[DATA SHOWN — start]
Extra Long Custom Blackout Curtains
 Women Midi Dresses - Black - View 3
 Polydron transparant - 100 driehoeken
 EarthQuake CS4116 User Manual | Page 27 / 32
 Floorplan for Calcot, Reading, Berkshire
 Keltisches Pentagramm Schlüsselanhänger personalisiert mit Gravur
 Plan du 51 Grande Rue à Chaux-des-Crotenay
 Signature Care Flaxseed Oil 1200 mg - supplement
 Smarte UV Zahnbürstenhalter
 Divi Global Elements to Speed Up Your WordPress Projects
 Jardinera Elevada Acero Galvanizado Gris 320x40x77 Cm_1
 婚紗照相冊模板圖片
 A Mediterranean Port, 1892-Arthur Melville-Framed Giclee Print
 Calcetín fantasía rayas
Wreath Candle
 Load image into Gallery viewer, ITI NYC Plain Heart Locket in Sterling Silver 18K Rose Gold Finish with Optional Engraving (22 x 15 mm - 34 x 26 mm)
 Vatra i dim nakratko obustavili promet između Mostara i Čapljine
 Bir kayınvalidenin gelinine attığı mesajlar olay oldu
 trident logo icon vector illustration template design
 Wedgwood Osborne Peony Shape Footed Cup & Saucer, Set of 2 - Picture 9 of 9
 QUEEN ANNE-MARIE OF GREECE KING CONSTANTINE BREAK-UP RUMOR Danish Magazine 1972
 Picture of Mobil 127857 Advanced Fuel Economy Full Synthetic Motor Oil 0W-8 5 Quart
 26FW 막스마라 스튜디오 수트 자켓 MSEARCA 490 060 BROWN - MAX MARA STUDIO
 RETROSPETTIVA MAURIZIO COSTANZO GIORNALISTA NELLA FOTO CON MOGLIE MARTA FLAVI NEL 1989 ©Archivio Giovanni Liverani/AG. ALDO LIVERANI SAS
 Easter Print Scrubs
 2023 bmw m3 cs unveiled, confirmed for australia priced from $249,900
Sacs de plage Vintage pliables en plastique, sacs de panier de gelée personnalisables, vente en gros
[DATA SHOWN — finish]
### TASK INSTRUCTIONS
Using the records above, write out exactly the lines from the one containing "Wedgwood Osborne Peony" through the last, and add nothing.

### RESULT BELOW
 Wedgwood Osborne Peony Shape Footed Cup & Saucer, Set of 2 - Picture 9 of 9
 QUEEN ANNE-MARIE OF GREECE KING CONSTANTINE BREAK-UP RUMOR Danish Magazine 1972
 Picture of Mobil 127857 Advanced Fuel Economy Full Synthetic Motor Oil 0W-8 5 Quart
 26FW 막스마라 스튜디오 수트 자켓 MSEARCA 490 060 BROWN - MAX MARA STUDIO
 RETROSPETTIVA MAURIZIO COSTANZO GIORNALISTA NELLA FOTO CON MOGLIE MARTA FLAVI NEL 1989 ©Archivio Giovanni Liverani/AG. ALDO LIVERANI SAS
 Easter Print Scrubs
 2023 bmw m3 cs unveiled, confirmed for australia priced from $249,900
Sacs de plage Vintage pliables en plastique, sacs de panier de gelée personnalisables, vente en gros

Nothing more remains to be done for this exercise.